# NeSy4PPM: Single-attribute (activity) prediction Tutorial
This notebook demonstrates how to use the NeSy4PPM framework for single-attribute suffix prediction, specifically focused on activity prediction using neural architectures like LSTM and Transformer models. NeSy4PPM combines neural learning with symbolic background knowledge (BK) to produce accurate and compliant predictions under various conditions, including concept drift.

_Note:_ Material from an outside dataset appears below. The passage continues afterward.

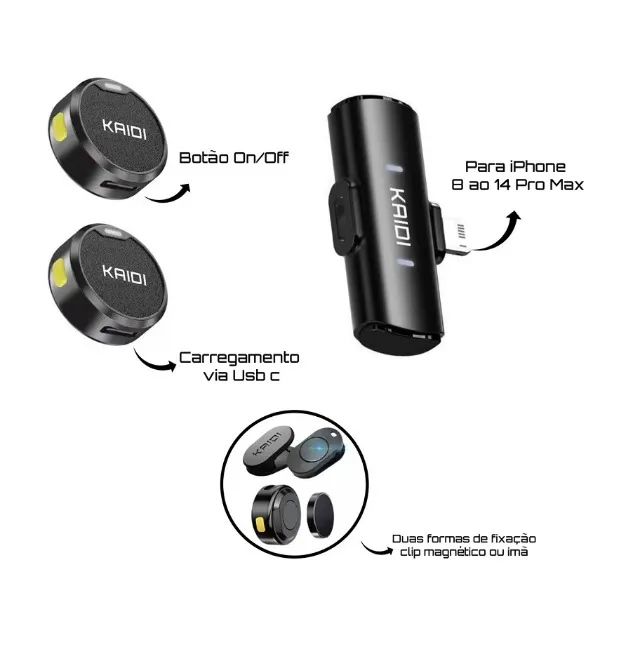 Microfone de Lapela Duplo Para iPhone Kaidi - Foto 4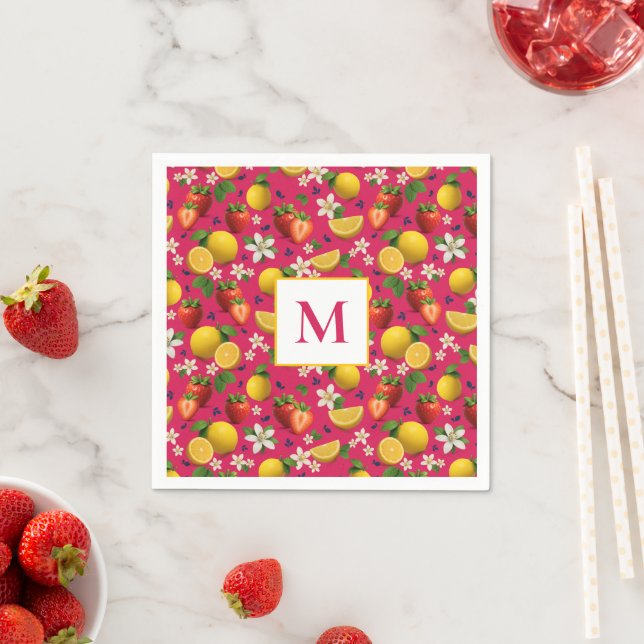 Fresh Strawberry and Lemon Pattern Napkin (Insitu)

This notebook guides you through the full NeSy4PPM pipeline, including::

    1. Data preparation
    2. Learning pipeline
       1. Prefixes preprocessing
       2. Neural Network training
    3. Prediction pipeline

# 1. Data preparation
The first step in the NeSy4PPM pipeline is to load and transform the event log (in a `.xes`, `.csv` or `.xes.gz` format) into a symbolic representation using the `LogData` class, where activity labels are mapped to unique ASCII characters. Depending on the input configuration, the log can be:
- A __single event log__, which will be automatically split into training and test subsets based on the case start timestamps.
- A pair of __separate training and test logs__.

## A. Single event log:

In [11]:
from pathlib import Path
from NeSy4PPM.commons import log_utils
log_path = Path.cwd().parent/'data'/'input'/'logs'
log_name = "helpdesk.xes"
train_ratio = 0.8
case_name_key = 'case:concept:name'
act_name_key = 'concept:name'
timestamp_key = 'time:timestamp'

log_data = log_utils.LogData(log_path=log_path,log_name=log_name,train_ratio=train_ratio,
                             case_name_key=case_name_key,act_name_key=act_name_key,
                             timestamp_key=timestamp_key,resource=False)
print(f"Loaded log: {log_data.log_name}")
print(f"Trace max size: {log_data.max_len}")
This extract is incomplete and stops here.